Work out how many lines of the records hold the string "Honda", and reply with that number alone.
Top of TASK DATA
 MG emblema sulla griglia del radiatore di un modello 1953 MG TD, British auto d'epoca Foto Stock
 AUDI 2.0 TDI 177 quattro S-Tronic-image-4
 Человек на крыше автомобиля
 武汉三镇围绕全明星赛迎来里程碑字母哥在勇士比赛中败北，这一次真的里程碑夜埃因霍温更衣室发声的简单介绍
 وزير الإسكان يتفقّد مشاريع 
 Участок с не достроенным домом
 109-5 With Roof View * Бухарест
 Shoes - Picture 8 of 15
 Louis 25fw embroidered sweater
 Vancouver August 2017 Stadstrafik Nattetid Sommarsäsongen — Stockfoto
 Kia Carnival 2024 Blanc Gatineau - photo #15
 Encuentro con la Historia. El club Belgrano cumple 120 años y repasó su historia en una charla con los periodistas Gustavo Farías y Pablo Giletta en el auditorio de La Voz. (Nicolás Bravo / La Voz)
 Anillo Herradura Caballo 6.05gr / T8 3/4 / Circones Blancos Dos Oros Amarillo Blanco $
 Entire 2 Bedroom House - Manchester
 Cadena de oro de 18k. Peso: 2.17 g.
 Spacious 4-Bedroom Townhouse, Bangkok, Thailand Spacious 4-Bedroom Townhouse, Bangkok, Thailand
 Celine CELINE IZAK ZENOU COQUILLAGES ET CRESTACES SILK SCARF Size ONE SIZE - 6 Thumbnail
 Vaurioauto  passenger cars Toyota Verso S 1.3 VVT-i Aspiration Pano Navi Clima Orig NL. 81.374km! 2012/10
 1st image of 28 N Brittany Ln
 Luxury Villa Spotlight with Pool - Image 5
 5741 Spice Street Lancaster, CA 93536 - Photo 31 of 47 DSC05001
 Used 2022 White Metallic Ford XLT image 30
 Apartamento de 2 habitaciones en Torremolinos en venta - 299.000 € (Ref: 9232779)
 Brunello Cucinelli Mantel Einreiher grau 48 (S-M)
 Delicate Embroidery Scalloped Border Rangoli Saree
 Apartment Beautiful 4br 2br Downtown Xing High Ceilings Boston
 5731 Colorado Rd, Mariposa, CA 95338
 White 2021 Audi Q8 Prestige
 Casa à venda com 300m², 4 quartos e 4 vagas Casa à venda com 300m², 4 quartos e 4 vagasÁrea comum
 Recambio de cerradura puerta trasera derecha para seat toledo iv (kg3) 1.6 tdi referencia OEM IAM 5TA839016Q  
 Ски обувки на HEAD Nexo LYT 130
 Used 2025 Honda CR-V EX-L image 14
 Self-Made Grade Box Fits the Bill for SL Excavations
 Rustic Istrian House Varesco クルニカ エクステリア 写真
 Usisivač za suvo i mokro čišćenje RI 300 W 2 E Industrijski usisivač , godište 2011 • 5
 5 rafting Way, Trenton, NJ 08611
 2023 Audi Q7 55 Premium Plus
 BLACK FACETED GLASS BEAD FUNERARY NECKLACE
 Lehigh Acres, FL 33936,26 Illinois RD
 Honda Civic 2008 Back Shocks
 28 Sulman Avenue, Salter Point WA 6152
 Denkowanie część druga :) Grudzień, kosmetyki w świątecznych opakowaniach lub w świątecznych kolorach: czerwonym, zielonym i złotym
Bottom of TASK DATA
RESPONSE AREA →
2